3. Sie sind leicht zu lesen. Die Bilder tragen die Geschichten und helfen dem Kind, dessen Lesefähigkeit gering ist.
4. Sie zeigen bekannte Charaktere in einer Reihe von verwandten Erlebnissen.
5. Sie verlangen verhältnismäßig kurze Konzentrationszeiträume.
6. Sie sind leicht zugänglich.
7. Sie sind nicht teuer.
8. Sie werden gelesen, weil viele Klassenräume und Elternhäuser unzureichend mit guten Büchern und anderem Lesematerial von Interesse für Kinder ausgestattet sind.“
Burgdorf’s survey also identified children who are in the 5th and 6th grade as the main readers of comic books. That does not mean that students in higher grades are no longer interested in comics at all; 70% of 9th grade students still read comics on a regular basis but the number decreases slowly as the students grow older. Since comic books are so popular among students it is easy to come to the conclusion that they can be used at school for their “fantastic motivating power” (Haugaard, 1973). But it is not as simple as it seems. There is a negative side to it as well. Burgdorf also found out that girls are less likely to read comics than boys (77.1% : 87.8%). He sees the reason for that in the writing of the story which most often hints at boys. For a teacher this means that he has to pay attention not to discriminate against female students. When he looks for comics that are appropriate to use at school he also has to distinguish between comics which are appropriate for one sex and those which are appropriate for both sexes. However this is a manageable task considering that 77.1% is still an extraordinary high percentage for a spare time activity and this percentage in comparison with an online survey (Abb.: 1) among 14-19 year old girls, which shows that 53% hardly ever read books, also demonstrates that even girls are still much more interested in comics than in normal books. So, by taking comics into the classroom, teachers bring “the learners’ real world” to school and therefore benefit the motivation of their students.
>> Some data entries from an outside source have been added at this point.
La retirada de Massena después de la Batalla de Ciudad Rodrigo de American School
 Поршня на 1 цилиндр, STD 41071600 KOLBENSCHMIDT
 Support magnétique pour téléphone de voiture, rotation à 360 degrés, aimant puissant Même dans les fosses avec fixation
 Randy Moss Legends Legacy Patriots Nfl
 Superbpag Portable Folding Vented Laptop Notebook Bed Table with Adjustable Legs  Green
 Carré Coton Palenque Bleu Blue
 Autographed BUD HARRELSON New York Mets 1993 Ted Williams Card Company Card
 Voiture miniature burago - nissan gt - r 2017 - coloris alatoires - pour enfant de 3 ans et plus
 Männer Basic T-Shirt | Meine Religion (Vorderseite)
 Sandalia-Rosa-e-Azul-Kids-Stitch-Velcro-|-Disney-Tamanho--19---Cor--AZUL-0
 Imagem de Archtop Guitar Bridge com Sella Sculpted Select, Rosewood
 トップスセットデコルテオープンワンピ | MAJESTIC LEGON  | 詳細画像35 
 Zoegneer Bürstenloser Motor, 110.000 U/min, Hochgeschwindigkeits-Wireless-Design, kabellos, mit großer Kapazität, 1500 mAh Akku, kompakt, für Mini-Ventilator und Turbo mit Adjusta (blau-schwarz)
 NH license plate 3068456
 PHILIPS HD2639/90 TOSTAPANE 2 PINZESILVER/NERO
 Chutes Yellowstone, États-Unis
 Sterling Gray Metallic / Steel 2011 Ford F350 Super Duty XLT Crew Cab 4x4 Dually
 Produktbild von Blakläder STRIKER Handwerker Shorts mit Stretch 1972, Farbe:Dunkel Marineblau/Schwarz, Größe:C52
In his book “Barn och serier” (“Children and Comics”) the Swedish pedagogue Lorentz Larson presents dangers that children are exposed to through comics. One of these dangers is that reading comics supposedly has a negative influence on the oral and written wealth of expression. If this thesis is true, teachers make a huge mistake by using comic books in school. Since the improvement of language skills through growing wealth of expression is a key factor in second language teching, comics would especially fail in such a classroom setting. H.L. Mosse, a child psychologist, and Dr. G. Schückler support Larson’s thesis. They even go one step further and state that there is a connection between reading comics and alexia. Children become so used to skimming over a text that they will not be able to memorize what they have just read and therefore never develop the ability to read a book carefully, where they rely solely on words, not pictures. Neither Larson nor Mosse nor Schückler give proof for their statements. There are other people like A.C. Baumgärtner, B. Cusomano and Dr. W.W. Sones, who claim that reading comics actually enhances general reading ability. During his studies Dr. W.W. Sones, who worked at the University of Pittsburgh School of Education, found out that children practice the same activities no matter whether they read comics or text books. They learn new word symbols through pictures of things, depicted actions or epic contexts. The interest in the story and the resulting wish to follow the plot requires the learning and recognizing of new words. The learner exercises recognition of new words in new environments regardless of pictures that help to understand the word. Since Sones has not only stated, but also proven his claims through several analyses, which he published in the Journal of Educational Sociology, he is considered more reliable than Larson, Mosse and Schückler.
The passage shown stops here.